Disadvantages of the prior art method include low efficiency of the power plant at Mach numbers under 1 and above 3 and insufficient dynamics when it is required to change drastically the flight speed.
Also known is a method of operating a supersonic hybrid jet power plant comprising a ducted turbojet and a ramjet, including dynamically compressing air in an inlet, boosting the air by a fan which is rotationally driven by an engine, feeding the pressurized air into a combustor, providing turbulence in and adding heat to the air, and expanding combustion products in a jet nozzle, wherein a portion of the pressurized air is fed to an intake manifold of the driving engine (Kurziner R.I. Jet Engines for High Supersonic Flight Speeds, Moscow, Mashinostroyenie, 1977, page 141).
The above referenced most pertinent prior art suffers low efficiency of the power plant at subsonic flight speeds, caused by inferior turbogenerator efficiency, and low dynamics of a vehicle both at subsonic and supersonic flight speeds.

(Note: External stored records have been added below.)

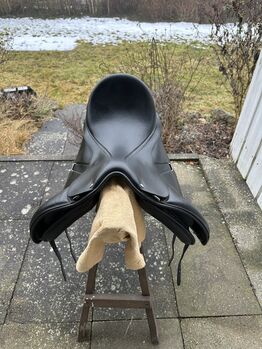 Bates Dressage Dressursattel 17,5" Bates WIDE Dressage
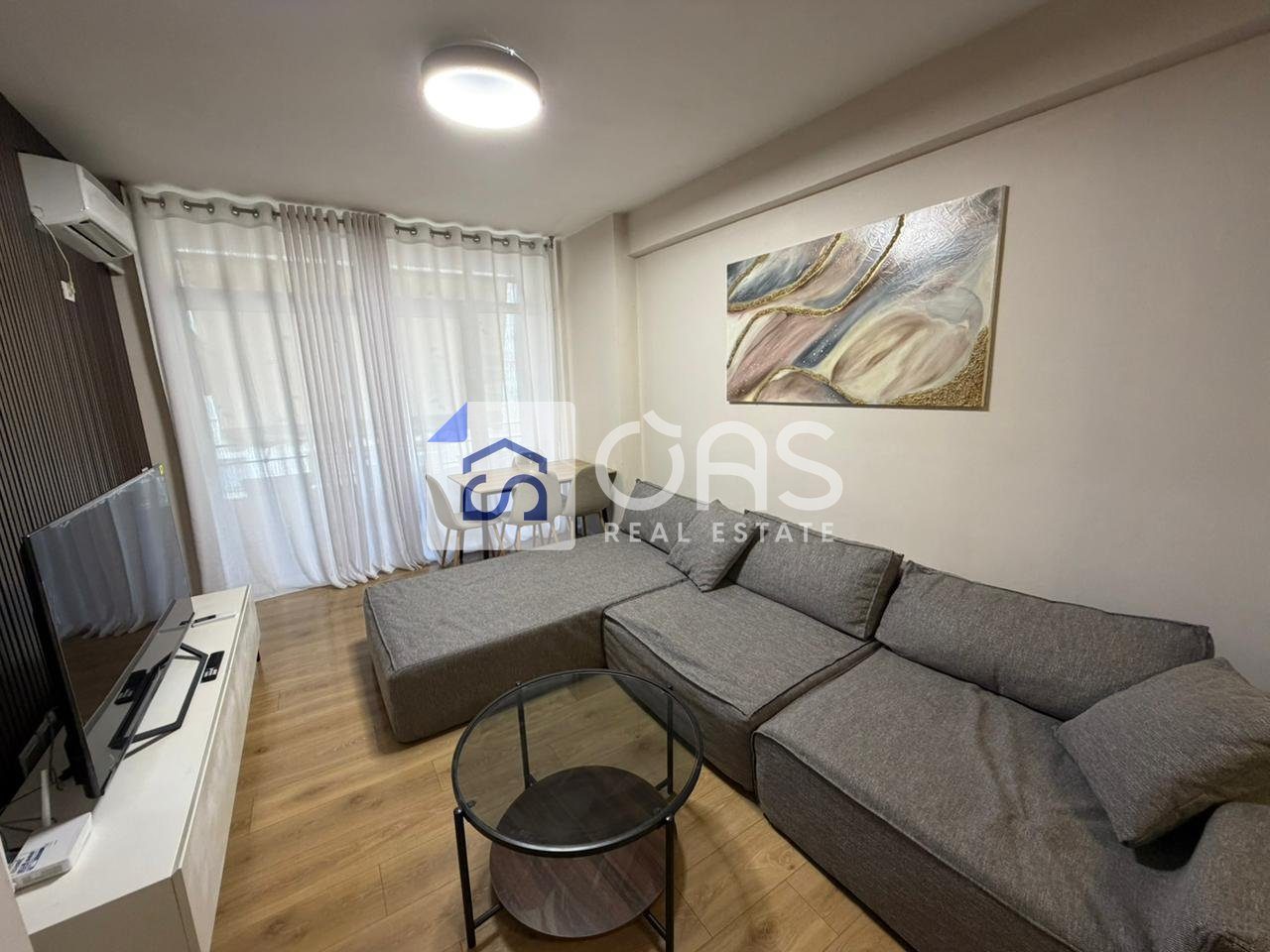 Jepet apartament me qera 2+1+2 ne Astir tek Kompleksi Fratari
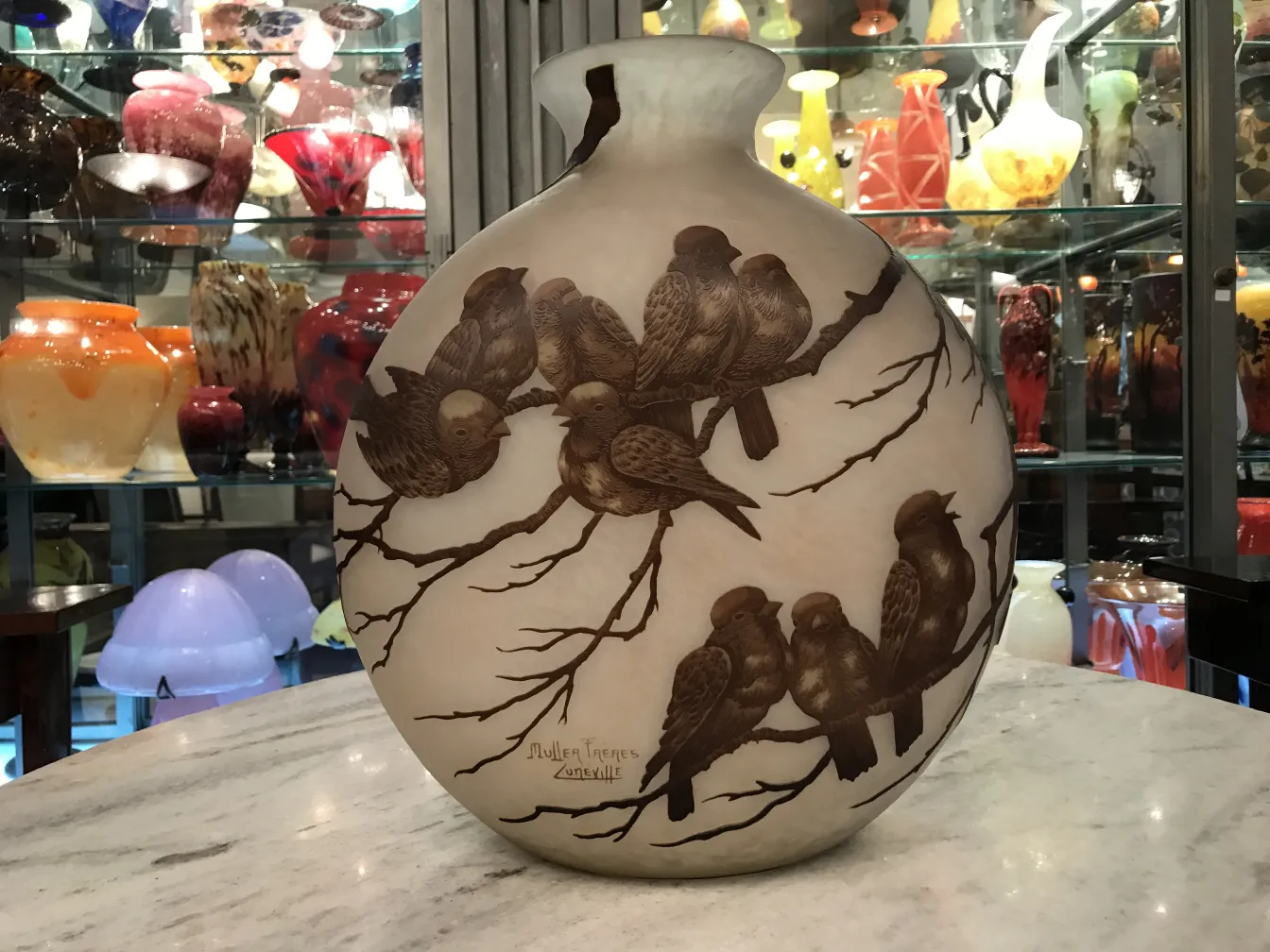 vase antigo com aves assinado por Muller Fres, fundo colorido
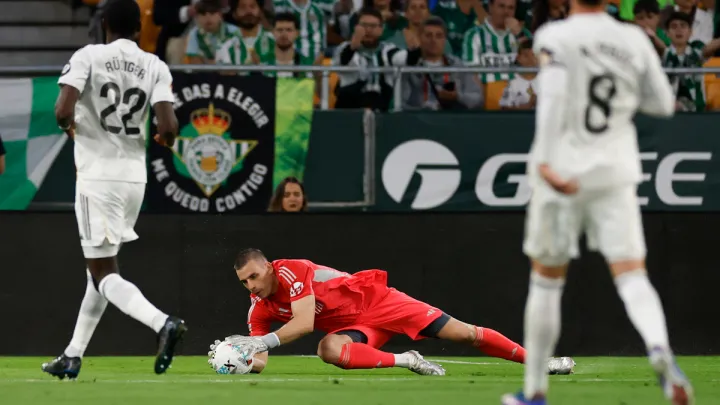 «Чому ти не грав так проти Баварії?»: фанати Реалу прокоментували виступ Луніна проти Бетіса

It is an object of the present invention to improve efficiency of both a power plant and an aircraft, and to provide superior vehicle dynamics, thereby enhancing the aircraft reliability and flight safety.
The above object is attained in a method of operating a supersonic hybrid jet power plant, including dynamically compressing air in an inlet, boosting the air by a fan which is rotationally driven by an engine equipped with an intake manifold, feeding the pressurized air into a combustor, promoting turbulence in and supplying heat to the air, and expanding combustion products in a jet nozzle, a portion of the pressurized air being fed to the intake manifold of the driving engine, wherein the driving engine is a reciprocating two-stroke engine, a power supplied to the fan being reduced at supersonic flight regime, while maintaining the fan pressure ratio close to one.
To achieve the object of the invention, the heat addition to the pressurized air in the combustor is cut-off at subsonic flight regime.
The turbulence may be promoted in the pressurized air by the fan, turbulence conditions being varied by adjusting the rotation speed of the fan.
Alternatively, the turbulence may be promoted in the pressurized air by straightener blades of the fan, turbulence conditions being varied by adjusting an incidence angle of the straightener blades.
The power supplied to the fan may be reduced by throttling the intake manifold of the engine.
The drawing presents a schematic diagram of a power plant for implementing the method in accordance with the invention.